Good afternoon. Today, it is my great pleasure to launch the Defence eHealth System – an electronic health record for every member of the ADF.
The eHealth record is designed to increase the individual combat effectiveness of Australia’s military men and women and is another example of how the Government is providing high quality health care to ADF members.
Health and its management is a major input to capability. You only have to look at what Howard Florey and his team did 75 years ago with their research into the effect of penicillin in combating bacterial disease.
This was achieved by significantly reducing the severity and duration of bacterial illness, through the mass production and application of an injectable form of penicillin.
Now imagine what can be achieved if a soldier’s complete medical record is in one place, at one time, available in garrison or on operations.
Imagine if Commanders can quickly ascertain the medical readiness of their entire formation, and rapidly formulate plans to address deficiencies.

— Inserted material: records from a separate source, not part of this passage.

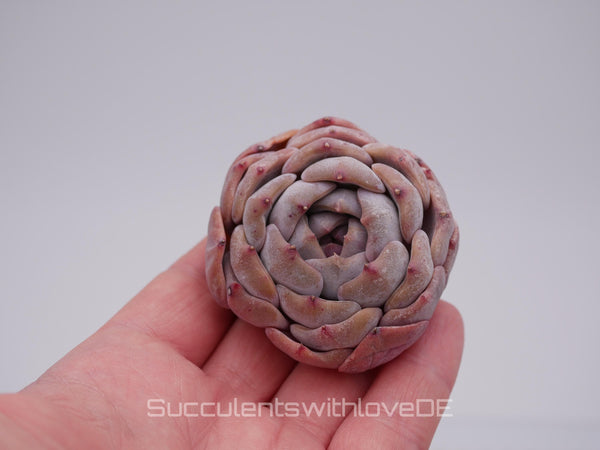 Echeveria 'Nightinga' - schöne und seltene Sukkulente - Sukkulente - Pflanze * Korea Import *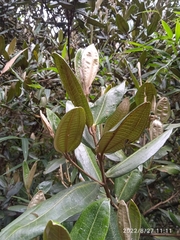 Miconia squamulosa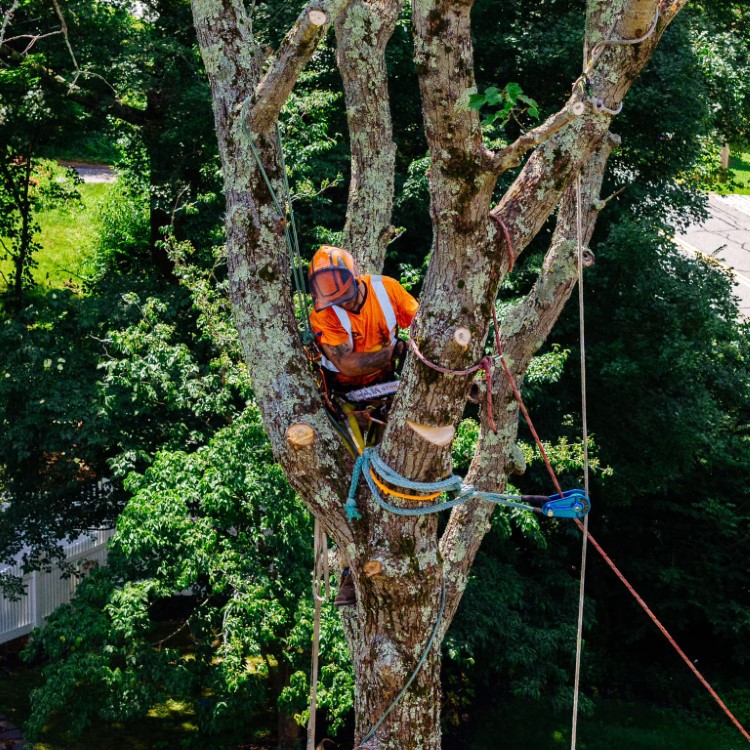 Denison Tree Removal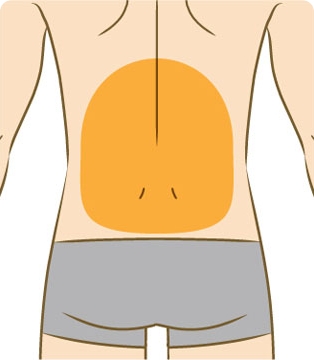 胸背中（下部）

Defence’s eHealth System will achieve this. It will support all primary health care services to ADF members and establishes Defence as the first organisation to introduce a national eHealth record management system in Australia.

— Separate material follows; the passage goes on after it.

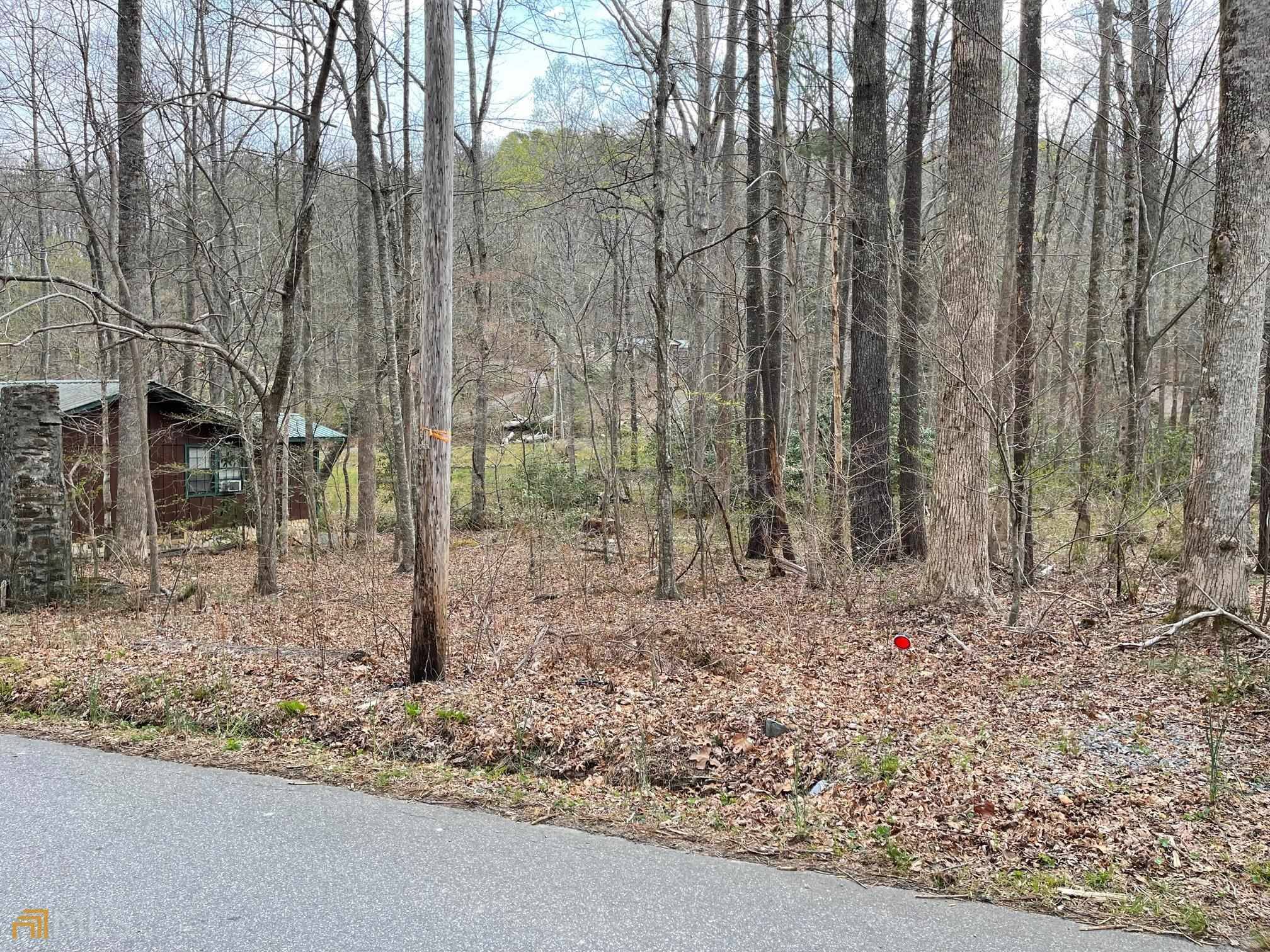 Hiawassee, GA 30546,0 Gander Gap Rd Lot 127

Quite simply, it is one of the most important enablers of personnel health management and quality healthcare.
It will improve the availability of accurate, up-to-date health data to defence members’ treating clinicians and their health care providers.
It will allow health information to be easily and accurately passed to the Department of Veterans’ Affairs and civilian health providers.
And, it realises process efficiencies with refined work practices, reducing duplication and ensuring a nationally consistent approach.
Ultimately, it is a system which will improve patient outcomes and improve Defence’s combat effectiveness.
The Defence eHealth System represents an investment of $133 million to modernise and streamline health care services provided to ADF members.
So far, the System has been successfully piloted in North Queensland in February, and has since been rolled out in the Northern Territory and Western Australia.
South Australia’s roll out commences next week followed by New South Wales, Victoria and finally Tasmania.
By the end of the year, the system will be fully implemented into all Garrison Health Centres right across Australia.
Right now there are 25,000 ADF members with an active eHealth record.
The system is a mature one and based on the system provided by Egton Medical Information Systems to the UK Ministry of Defence since 2007.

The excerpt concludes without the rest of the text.